> Apache behaves similarly. If you send the parent process a SIGHUP or
> SIGUSR1, it will close and reopen its log files. Note that with
> SIGUSR1, any active children will still be writing to the old files.
>
> If Apache stops logging, one thing to try is
>
> kill -USR1 `cat /var/run/httpd.pid`
>
> (modify according to where you keep your pid file).
I've gone so far as to kill -9 the server and restart it afresh several
times. Unless there's some special property to USR1, I doubt it will work,
but I'll be happy to try...
<two minutes later>
Whoa.. Umm... it worked! Ok, now I'm really confused. Like I said, I'd
completely killed and restarted the server several times and it didn't
work. What's so special about -USR1? There could be another reason why it
worked. I'd just deleted and recreated the host last night out of
desperation. I didn't think it would work because I used the same script
that had created it in the first place. Sure enough it didn't log, but
when I checked httpd.conf today I realized that, due to some changes we'd
made earlier, that script didn't create a TransferLog entry. So that's why
it didn't work last night. I created a TransferLog and did a kill -USR1
and it worked. Which one made it work (and why it hadn't worked in the
past since, again, I'm certain that the syntax in httpd.conf was correct)
I don't know.

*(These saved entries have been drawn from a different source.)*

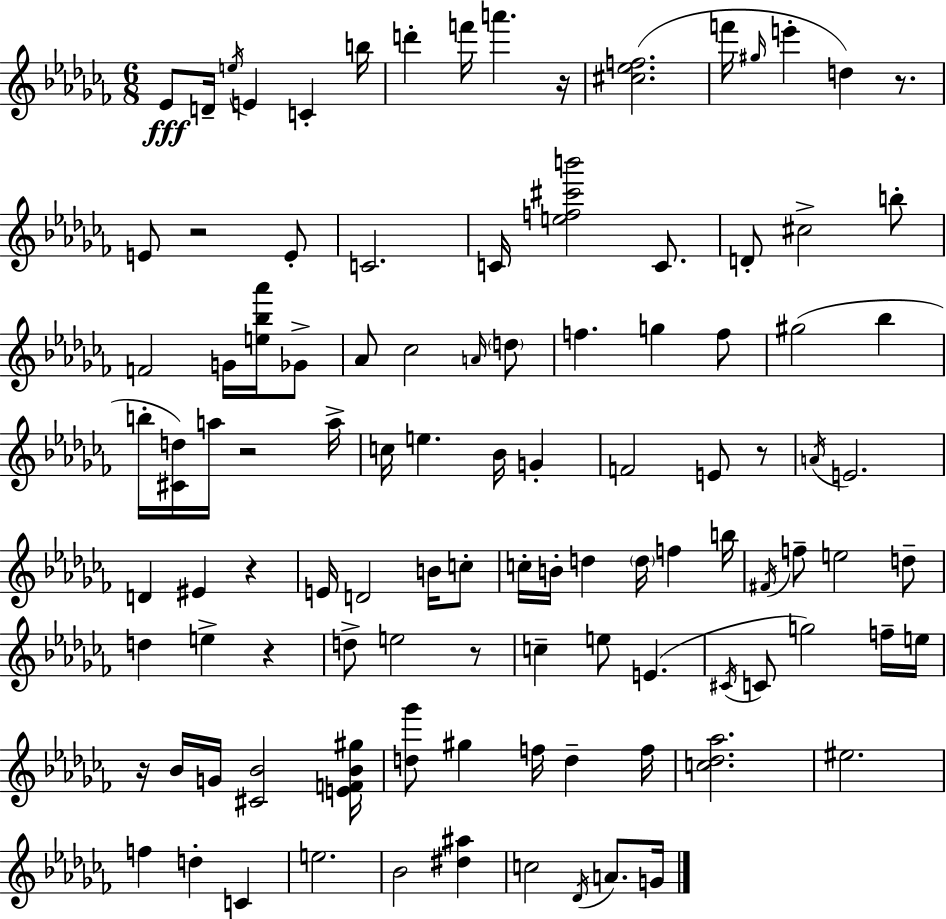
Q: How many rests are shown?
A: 9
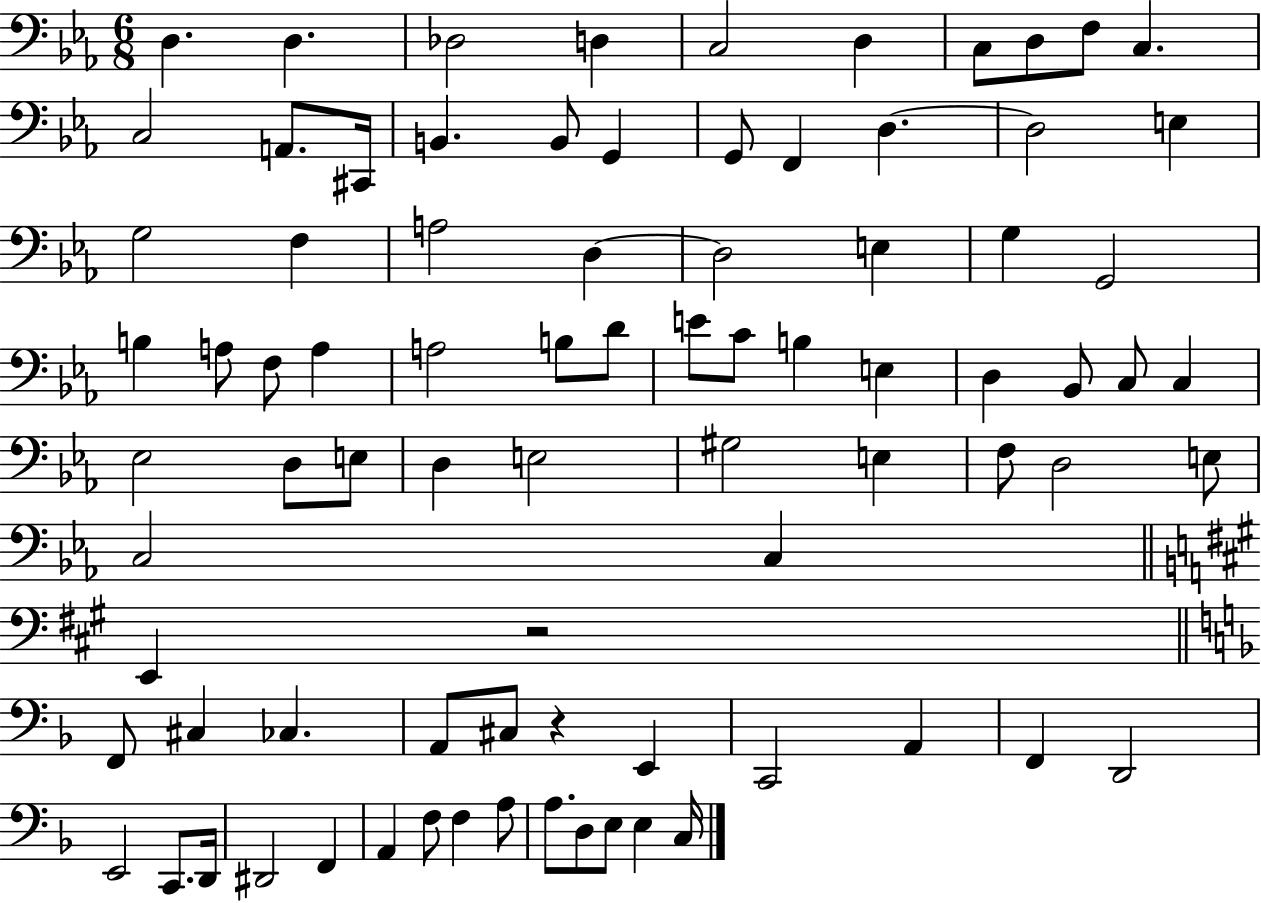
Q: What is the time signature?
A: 6/8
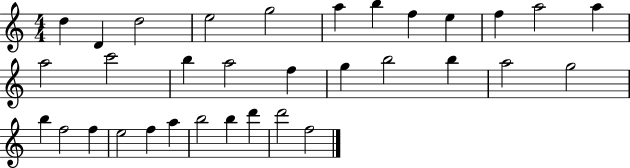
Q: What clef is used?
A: treble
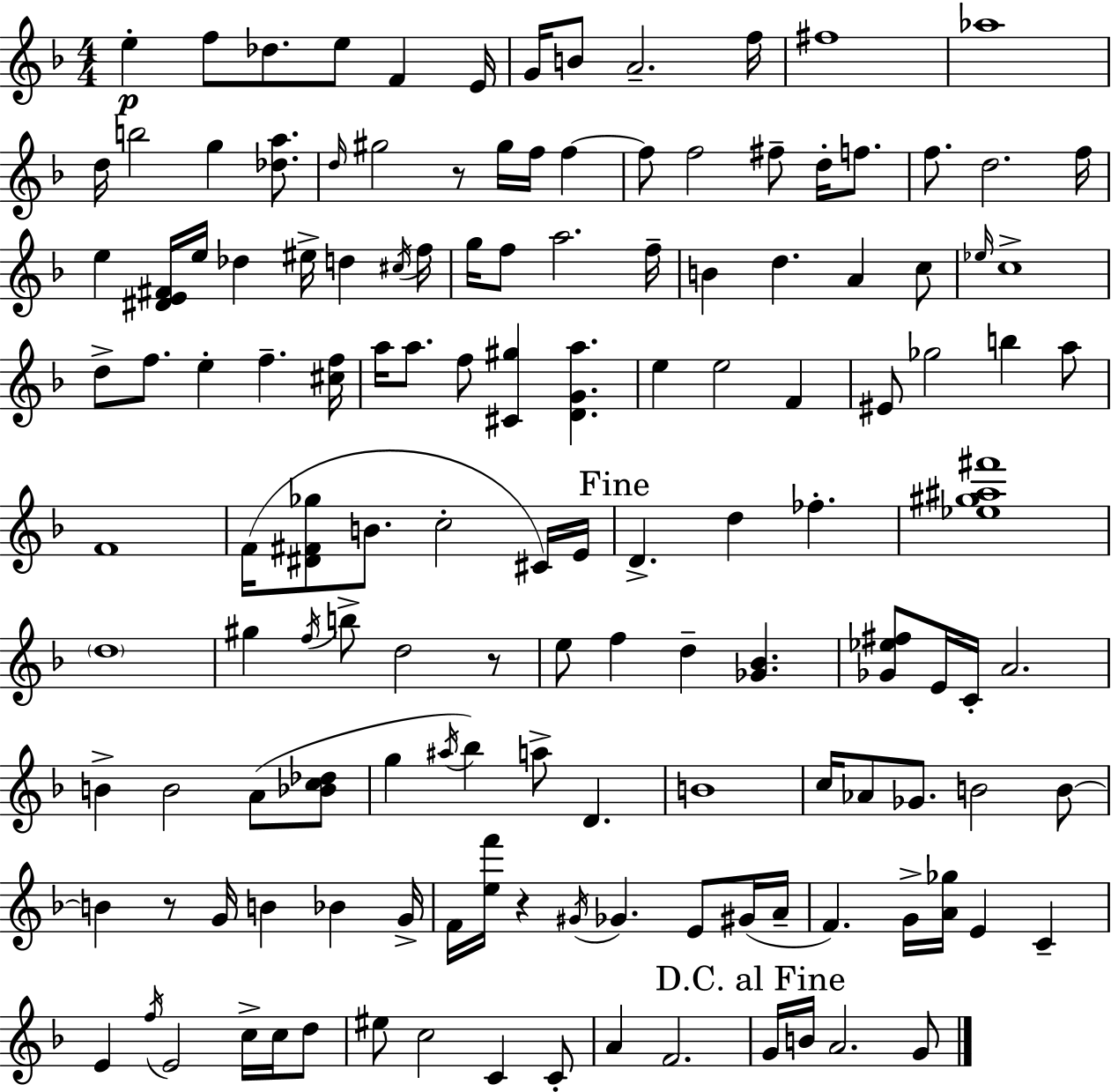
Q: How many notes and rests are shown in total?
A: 140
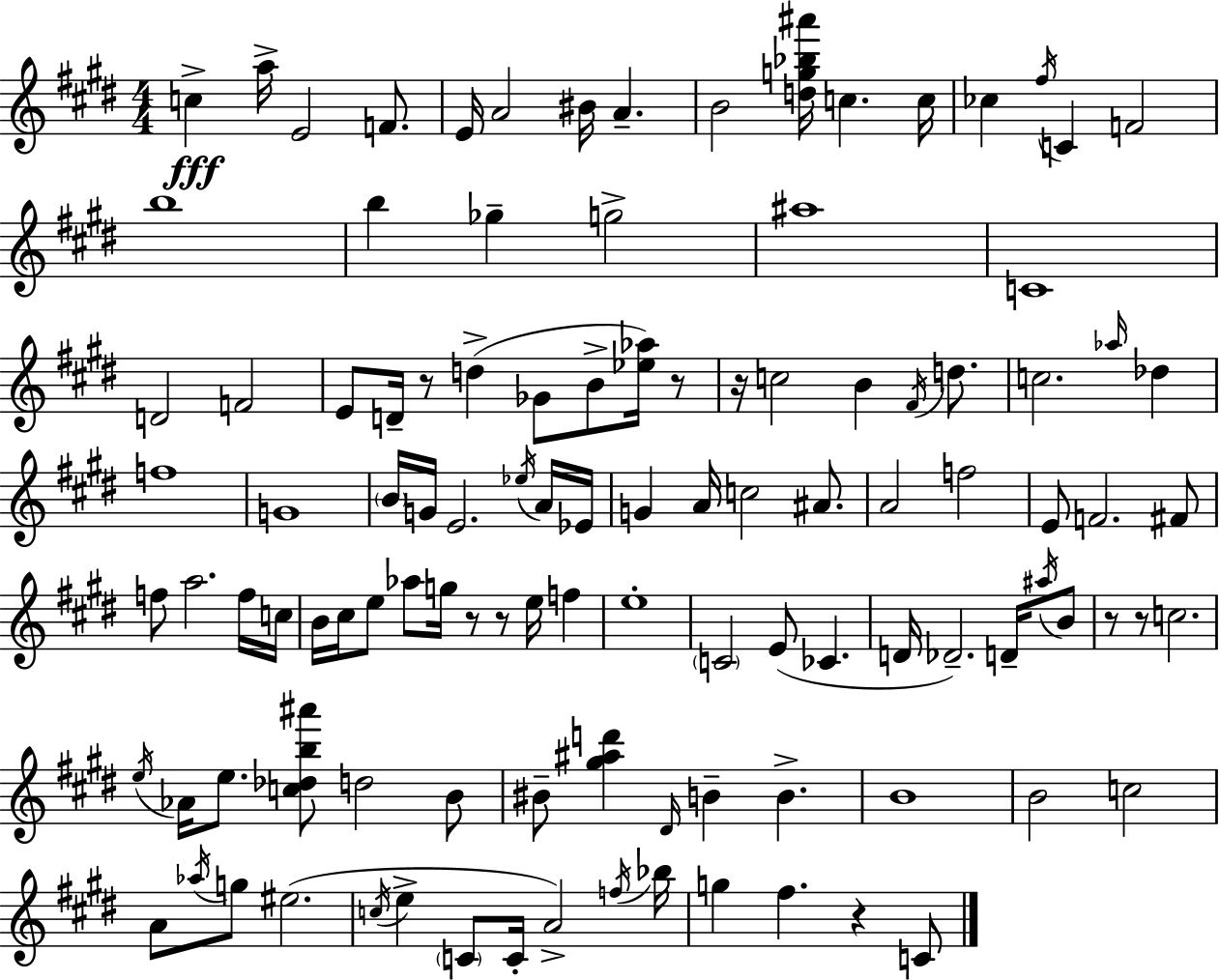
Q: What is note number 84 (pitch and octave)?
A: B4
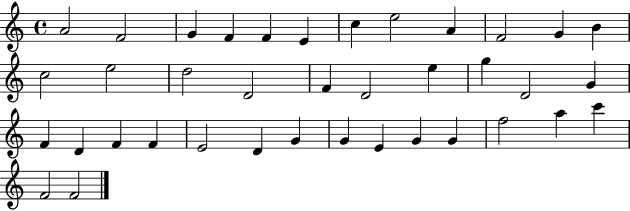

Maybe someone can shed some light?
> When you say `the access_log and error_log files are created by
> apache', do you mean that it creates *all* of the log files for the
> different domains, but doesn't write anything to any of them?
Well, the problem's pretty much solved now, but for the sake of answering:
No, I made a directory called /test and chmodded it 777. I then edited the
virtualhost section for just one host that wasn't logging and set
TransferLog /test/access_log and ErrorLog /test/error_log. When I
restarted httpd, the empty /test directory suddenly contained access_log
and error_log. So what I was saying was that Apache created new logging
files when I gave them a new location. This told me that it was reading
the httpd.conf file properly... and yet it still wouldn't log there.